Re: [SLUG] Politics, ethics etc.

From: Robin 'Roblimo' Miller (robin@roblimo.com)
Date: Sat Nov 19 2005 - 21:13:40 EST


> One hundred years ago man was far more kinder to man. We left doors largely
> unlocked and when we saw a stranger we greeted him. Offered him a chair and
> food and drink.
>

Ummm.... my wife is black and might disagree with you about how
wonderful things were 100 years ago.

Also, 100 years ago in the U.S., there were no problems with illegal
drugs because marijuana, cocaine, and opium derivatives (including
Bayer's patented pain reliever, Heroin), were all readily available and
were sold openly, either on their own or as ingredients in products such
as Lydia Pinkham's tonic, Coca-Cola, and so on. In other words, people
back then used drugs. Lots of drugs. The illegalization of what are now
called "controlled substances" didn't begin until 1911.
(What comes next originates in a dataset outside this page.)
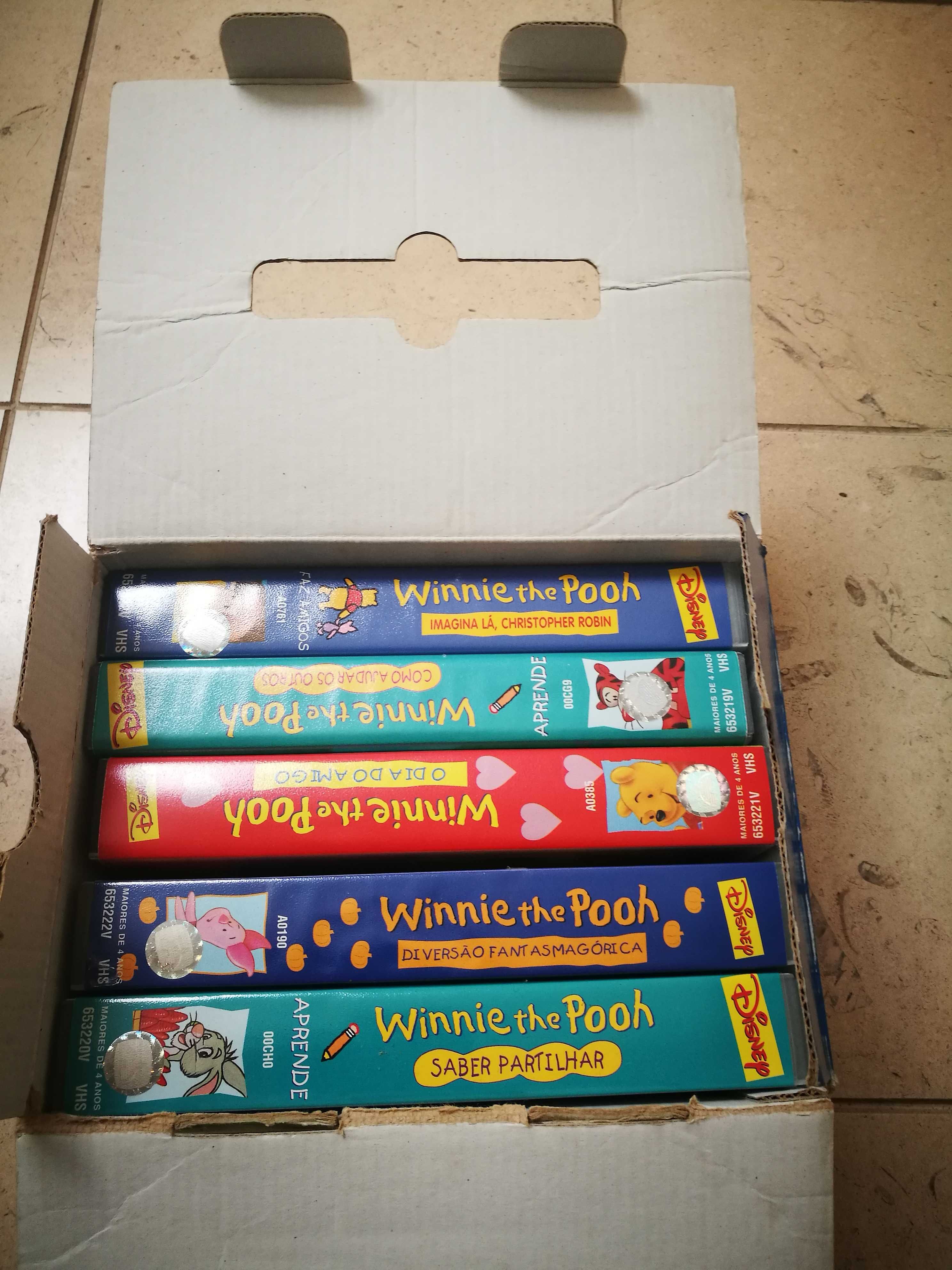 Box RARA com 5 cassetes VHS do Winnie The Pooh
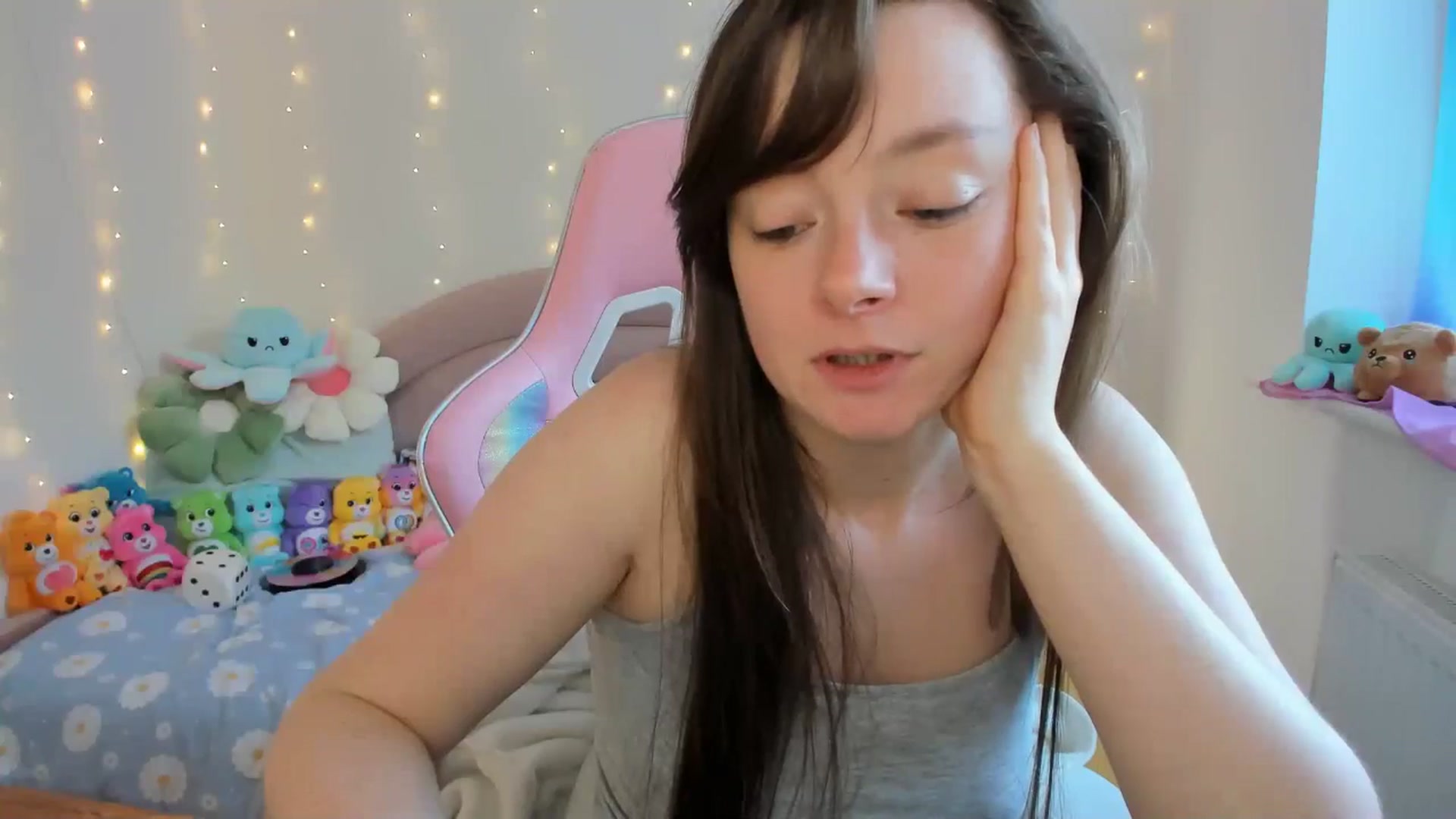 Gallery image thumbnail from JessieBear_'s myfreecams stream on, 09/17/2024, 17:09 image 7 of 20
Public hangings were common -- and not just for blacks. People starved
to death in this country. Routinely. Medical care was better than it had
been in the 1800s, since the idea of sterilization had taken hold -- in
large part because the women's auxiliary of the First Unitarian Church
in Baltimore talked a wealthy church member named Johns Hopkins into
putting up money for a "scientific" medical school in the mid-1800s, and
the germ theory was taught there -- and spread. But still: no
antibiotics, and few of the other life-saving drugs and surgical
procedures we now take for granted were available.

Your local public library -- likely funded by Andrew Carnegie -- was the
closest thing you had to the Internet. (If you were white; non-whites
suffered from a major "print divide" because they weren't allowed to use
most public libraries.)

Outside of major cities, almost everyone used outhouses. Indoor plumbing
didn't become common in rural areas and small towns until the Rural
Electrification Project in the 1930s. (The REA was the kind of
government-funded do-gooder project we shun today.)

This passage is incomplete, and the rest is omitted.